EBCDIC
EBCDIC (Extended Binary Coded Decimal Interchange Code) is an 8-bit character encoding used on IBM mainframes and AS/400s. It is descended from punched cards and the corresponding six bit binary-coded decimal code that most of IBM's computer peripherals of the late 1950s and early 1960s used. Outside of such IBM systems and compatible systems from other companies, ASCII (and its descendants such as Unicode) are normally used instead; EBCDIC is generally considered an anachronism.
Single byte EBCDIC takes up eight bits, which are divided in two pieces. The first four bits are called the zone and represent the category of the character, whereas the last four bits are the called the digit and identify the specific character. There are a number of different versions of EBCDIC, customised for different countries.
Some East Asian countries use a double byte extension of EBCDIC to allow display of Chinese, Japanese and Korean scripts for their mainframes. In the double byte extentension of EBCDIC, there are shift codes [0x0E,0x0F] to shift between the single byte and double byte modes.
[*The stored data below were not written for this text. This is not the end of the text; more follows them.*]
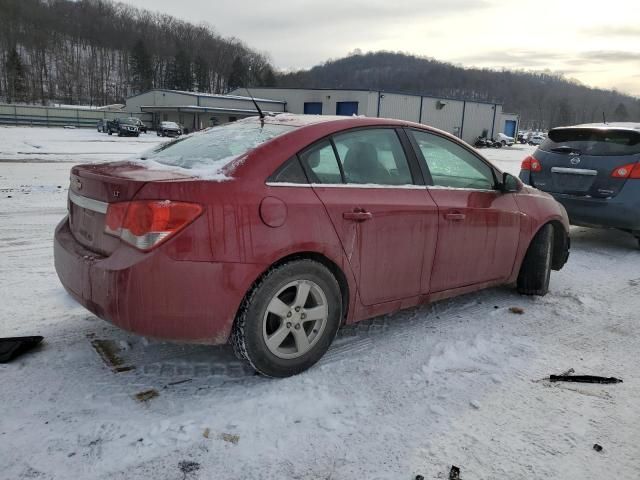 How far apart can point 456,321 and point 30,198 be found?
7621mm

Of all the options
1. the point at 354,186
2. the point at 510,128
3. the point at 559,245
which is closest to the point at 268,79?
the point at 510,128

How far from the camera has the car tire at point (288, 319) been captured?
2.87 m

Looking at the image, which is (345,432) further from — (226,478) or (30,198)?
(30,198)

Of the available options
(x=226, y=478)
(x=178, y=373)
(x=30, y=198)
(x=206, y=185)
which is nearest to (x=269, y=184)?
(x=206, y=185)

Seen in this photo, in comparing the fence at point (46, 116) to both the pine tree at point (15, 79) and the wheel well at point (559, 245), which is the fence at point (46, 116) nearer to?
the pine tree at point (15, 79)

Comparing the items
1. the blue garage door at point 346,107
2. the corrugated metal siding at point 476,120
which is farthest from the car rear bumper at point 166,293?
the corrugated metal siding at point 476,120

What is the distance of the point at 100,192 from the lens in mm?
2881

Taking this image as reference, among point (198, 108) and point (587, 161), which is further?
point (198, 108)

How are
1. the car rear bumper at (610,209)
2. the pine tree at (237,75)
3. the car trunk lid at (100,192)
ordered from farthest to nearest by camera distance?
the pine tree at (237,75) → the car rear bumper at (610,209) → the car trunk lid at (100,192)

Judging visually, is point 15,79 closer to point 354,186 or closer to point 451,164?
point 451,164

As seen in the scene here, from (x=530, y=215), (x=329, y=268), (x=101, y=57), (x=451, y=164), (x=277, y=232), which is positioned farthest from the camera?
(x=101, y=57)

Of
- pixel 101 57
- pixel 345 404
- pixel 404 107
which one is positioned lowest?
pixel 345 404

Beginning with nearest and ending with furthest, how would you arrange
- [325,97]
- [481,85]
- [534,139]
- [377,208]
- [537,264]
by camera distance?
[377,208] → [537,264] → [325,97] → [534,139] → [481,85]

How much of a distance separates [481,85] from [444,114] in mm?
124782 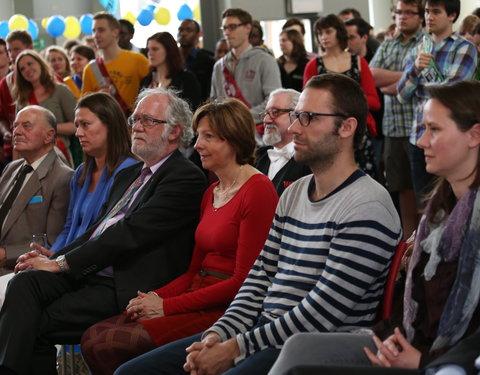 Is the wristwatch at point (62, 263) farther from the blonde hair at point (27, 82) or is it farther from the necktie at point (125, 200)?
the blonde hair at point (27, 82)

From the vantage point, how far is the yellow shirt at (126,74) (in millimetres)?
6500

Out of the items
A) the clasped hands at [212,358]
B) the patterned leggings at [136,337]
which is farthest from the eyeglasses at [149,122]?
the clasped hands at [212,358]

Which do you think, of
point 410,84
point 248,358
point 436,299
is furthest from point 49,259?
point 410,84

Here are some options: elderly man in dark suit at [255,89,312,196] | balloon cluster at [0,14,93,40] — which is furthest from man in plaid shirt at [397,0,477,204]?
balloon cluster at [0,14,93,40]

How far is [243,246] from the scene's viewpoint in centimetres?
305

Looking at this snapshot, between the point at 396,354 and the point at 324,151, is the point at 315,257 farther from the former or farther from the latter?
the point at 396,354

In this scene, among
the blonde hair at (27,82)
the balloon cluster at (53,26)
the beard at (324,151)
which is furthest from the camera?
the balloon cluster at (53,26)

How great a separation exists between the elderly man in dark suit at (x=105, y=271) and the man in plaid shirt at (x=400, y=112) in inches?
89.7

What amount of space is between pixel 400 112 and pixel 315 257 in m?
3.11

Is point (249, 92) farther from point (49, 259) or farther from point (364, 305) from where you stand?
point (364, 305)

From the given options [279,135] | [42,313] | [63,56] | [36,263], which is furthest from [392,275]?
[63,56]

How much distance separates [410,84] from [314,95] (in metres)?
2.49

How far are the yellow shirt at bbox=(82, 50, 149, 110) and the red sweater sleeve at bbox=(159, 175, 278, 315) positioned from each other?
3.48 m

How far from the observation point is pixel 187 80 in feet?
19.7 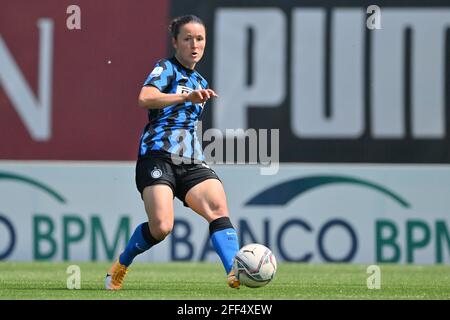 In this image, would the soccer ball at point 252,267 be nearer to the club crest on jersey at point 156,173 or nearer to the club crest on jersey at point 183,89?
the club crest on jersey at point 156,173

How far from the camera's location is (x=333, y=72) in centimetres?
1287

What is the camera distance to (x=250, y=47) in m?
12.9

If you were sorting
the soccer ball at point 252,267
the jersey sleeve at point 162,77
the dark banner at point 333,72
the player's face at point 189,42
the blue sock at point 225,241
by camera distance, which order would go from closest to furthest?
the soccer ball at point 252,267 < the blue sock at point 225,241 < the jersey sleeve at point 162,77 < the player's face at point 189,42 < the dark banner at point 333,72

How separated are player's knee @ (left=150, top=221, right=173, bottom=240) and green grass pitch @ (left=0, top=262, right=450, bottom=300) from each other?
1.38 feet

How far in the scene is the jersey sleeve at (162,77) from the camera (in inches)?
311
IBM typically names all of its codepages with a number called a CCSID (Coded Character Set IDentifier). It is important to note that the same CCSID can have different character positions in a codepage. For example, the newline character can be a different byte value in os/390 open edition versus the other EBCDIC based operating systems. This becomes an issue when transferring EBCDIC based text data between machines.
History
EBCDIC was devised in the 1963-1964 timeframe by IBM and was announced with the release of the IBM System/360 line of mainframe computers at the apex of IBM’s mainframe monopoly. It was created to extend the Binary Coded Decimal that existed at the time. EBCDIC was the predecessor to ASCII, which was devised in 1968. EBCDIC is an 8 bit encoding, vs. the 7 bit encoding of ASCII. Many extensions to ASCII had been devised before Unicode became a standard.
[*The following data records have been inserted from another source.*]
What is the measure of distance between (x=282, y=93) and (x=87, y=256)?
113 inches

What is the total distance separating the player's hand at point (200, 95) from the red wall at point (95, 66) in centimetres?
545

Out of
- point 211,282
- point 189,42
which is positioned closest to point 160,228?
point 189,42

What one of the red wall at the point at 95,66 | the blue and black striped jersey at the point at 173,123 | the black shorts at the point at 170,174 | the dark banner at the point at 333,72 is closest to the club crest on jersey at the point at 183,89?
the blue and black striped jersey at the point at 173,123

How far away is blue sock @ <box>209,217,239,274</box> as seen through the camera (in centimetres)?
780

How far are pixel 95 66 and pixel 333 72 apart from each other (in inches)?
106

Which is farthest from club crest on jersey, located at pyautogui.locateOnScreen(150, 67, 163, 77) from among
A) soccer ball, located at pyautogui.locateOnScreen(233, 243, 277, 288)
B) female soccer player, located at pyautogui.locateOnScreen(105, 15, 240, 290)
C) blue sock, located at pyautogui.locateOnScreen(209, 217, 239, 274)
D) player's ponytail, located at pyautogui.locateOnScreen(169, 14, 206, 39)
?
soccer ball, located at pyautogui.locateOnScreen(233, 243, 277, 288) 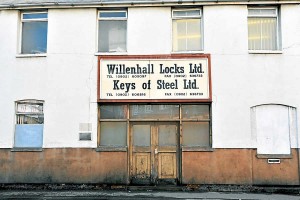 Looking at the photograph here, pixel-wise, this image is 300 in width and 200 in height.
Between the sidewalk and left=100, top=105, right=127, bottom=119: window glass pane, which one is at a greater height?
left=100, top=105, right=127, bottom=119: window glass pane

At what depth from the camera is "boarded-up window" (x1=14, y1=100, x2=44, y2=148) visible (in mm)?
12922

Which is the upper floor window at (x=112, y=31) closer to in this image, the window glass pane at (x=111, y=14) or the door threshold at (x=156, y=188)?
the window glass pane at (x=111, y=14)

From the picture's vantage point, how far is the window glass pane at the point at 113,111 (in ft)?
42.3

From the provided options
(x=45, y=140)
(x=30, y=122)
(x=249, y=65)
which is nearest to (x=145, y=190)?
(x=45, y=140)

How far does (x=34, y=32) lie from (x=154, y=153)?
21.4 ft

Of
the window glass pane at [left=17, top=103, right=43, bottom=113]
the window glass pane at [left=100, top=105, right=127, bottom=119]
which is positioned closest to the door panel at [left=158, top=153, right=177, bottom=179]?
the window glass pane at [left=100, top=105, right=127, bottom=119]

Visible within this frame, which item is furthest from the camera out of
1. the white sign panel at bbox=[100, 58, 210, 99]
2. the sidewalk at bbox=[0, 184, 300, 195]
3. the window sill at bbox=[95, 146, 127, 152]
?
the white sign panel at bbox=[100, 58, 210, 99]

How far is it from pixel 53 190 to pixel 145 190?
3173 mm

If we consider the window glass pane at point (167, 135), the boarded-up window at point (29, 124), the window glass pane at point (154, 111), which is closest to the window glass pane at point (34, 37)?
the boarded-up window at point (29, 124)

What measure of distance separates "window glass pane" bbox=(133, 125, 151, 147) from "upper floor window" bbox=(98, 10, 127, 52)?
118 inches

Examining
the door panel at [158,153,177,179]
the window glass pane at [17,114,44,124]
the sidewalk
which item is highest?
the window glass pane at [17,114,44,124]

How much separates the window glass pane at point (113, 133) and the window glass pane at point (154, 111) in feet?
1.96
There is a nice correspondence between hexadecimal character codes and punch card codes for EBCDIC — an important feature at the time. An IBM card punch could make a 12-row punch card with up to 2 punches per column, the first punch somewhere in the first 3 rows (called the zone) and the second punch somewhere in the last 9 rows (called the number). The zone could thus be considered a value from 0 to 3, and the number a value from 0 to 9, where 0 means no punch, and non-zero means the corresponding row was punched. The initial version of EBCDIC was just (0xf-zone)<<4+number and defined only the lower-left 10x4 part of the table shown below (the zone was apparently reversed so the letters would at least be in alphabetic order).
Unfortunately the Roman alphabet characters are numerically non-contiguous, which is a great annoyance for many of the more modern programming languages. It is more difficult to sort or select a range of characters in EBCDIC compared to ASCII (for example, sorting the range of characters [a-z] when accented characters are involved).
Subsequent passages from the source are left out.